Two main and prominent directions have emerged in the design of systems for detecting fake audio: artifact detection and liveness detection. When audio is generated using a generative model, the model introduces some artifact into the generated signal. Researchers design algorithms/models to detect these artifacts. However, this approach poses some challenges due to the increasing sophistication of deepfake audio generators. In the future, we may also see models with very little or almost no artifacts. Liveness detection, on the other hand, takes advantage of the inherent qualities of natural speech, such as breathing patterns, intonations or rhythms, which are difficult for ai models to accurately replicate. Some companies like Pindrop are developing solutions of this type to detect audio fakes.

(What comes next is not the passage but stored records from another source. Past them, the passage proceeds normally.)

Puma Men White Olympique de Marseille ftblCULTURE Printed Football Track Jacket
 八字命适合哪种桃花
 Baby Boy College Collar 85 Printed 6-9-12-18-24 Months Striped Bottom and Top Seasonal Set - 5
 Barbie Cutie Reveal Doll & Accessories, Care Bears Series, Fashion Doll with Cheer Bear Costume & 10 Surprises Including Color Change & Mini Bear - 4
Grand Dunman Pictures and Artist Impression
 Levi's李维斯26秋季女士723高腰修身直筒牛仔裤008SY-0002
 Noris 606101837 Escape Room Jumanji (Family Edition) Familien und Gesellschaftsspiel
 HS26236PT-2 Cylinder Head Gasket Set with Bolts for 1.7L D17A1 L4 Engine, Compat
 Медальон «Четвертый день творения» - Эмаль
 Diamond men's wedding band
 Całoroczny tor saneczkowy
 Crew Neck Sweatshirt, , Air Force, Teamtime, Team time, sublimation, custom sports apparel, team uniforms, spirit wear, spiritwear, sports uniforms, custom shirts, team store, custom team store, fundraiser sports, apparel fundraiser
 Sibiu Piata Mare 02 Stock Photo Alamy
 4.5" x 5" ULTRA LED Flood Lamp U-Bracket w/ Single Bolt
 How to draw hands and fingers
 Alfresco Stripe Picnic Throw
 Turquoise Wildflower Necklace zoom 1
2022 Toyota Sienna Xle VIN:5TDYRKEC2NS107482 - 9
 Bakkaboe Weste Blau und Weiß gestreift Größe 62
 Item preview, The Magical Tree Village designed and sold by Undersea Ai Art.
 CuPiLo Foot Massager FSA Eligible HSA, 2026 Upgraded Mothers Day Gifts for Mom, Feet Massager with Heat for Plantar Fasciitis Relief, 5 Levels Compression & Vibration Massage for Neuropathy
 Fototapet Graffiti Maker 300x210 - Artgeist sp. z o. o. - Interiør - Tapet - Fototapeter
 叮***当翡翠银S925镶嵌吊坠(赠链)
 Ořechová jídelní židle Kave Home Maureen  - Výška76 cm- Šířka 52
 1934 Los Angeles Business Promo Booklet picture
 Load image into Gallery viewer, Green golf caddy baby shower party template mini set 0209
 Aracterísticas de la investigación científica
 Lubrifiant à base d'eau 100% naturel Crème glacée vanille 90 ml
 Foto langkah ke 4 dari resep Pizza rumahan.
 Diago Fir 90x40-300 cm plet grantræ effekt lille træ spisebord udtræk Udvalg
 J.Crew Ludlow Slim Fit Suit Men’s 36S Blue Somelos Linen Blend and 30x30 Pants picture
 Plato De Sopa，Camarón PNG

Additionally, strategies such as audio watermarking serve as proactive defenses, embedding encrypted identifiers within the original audio to trace its origin and prevent tampering. Despite other potential vulnerabilities, such as the risk of replay attacks, ongoing research and development in this field offers promising solutions to mitigate the threats posed by audio deepfakes.

Q: Despite its potential for misuse, what are some of the positive aspects and benefits of deepfake audio technology? How do you envision the future relationship between ai and our audio perception experiences evolving?

TO: Contrary to the predominant focus on the nefarious applications of audio deepfakes, the technology holds immense potential for positive impact across various sectors. Beyond the realm of creativity, where voice conversion technologies enable unprecedented flexibility in entertainment and media, audio deepfakes hold transformative promise in the healthcare and education sectors. My current work on anonymizing patient and clinician voices in cognitive healthcare interviews, for example, facilitates the sharing of medical data crucial to research globally, while ensuring privacy. Sharing this data among researchers fosters development in areas of cognitive healthcare. The application of this technology in voice restoration represents hope for people with speech disabilities, for example, ALS or dysarthric speech, improving communication abilities and quality of life.

I am very positive about the future impact of audio generative ai models. The future interaction between ai and audio perception is poised for revolutionary advances, particularly through the lens of psychoacoustics, the study of how humans perceive sounds. Innovations in augmented and virtual reality, exemplified by devices like the Apple Vision Pro and others, are pushing the boundaries of audio experiences toward unparalleled realism. We have recently seen an exponential increase in the number of sophisticated models appearing almost every month. This rapid pace of research and development in this field promises to not only perfect these technologies but also expand their applications in ways that profoundly benefit society. Despite the inherent risks, the potential for audio generative ai models to revolutionize healthcare, entertainment, education, and more is a testament to the positive trajectory of this field of research.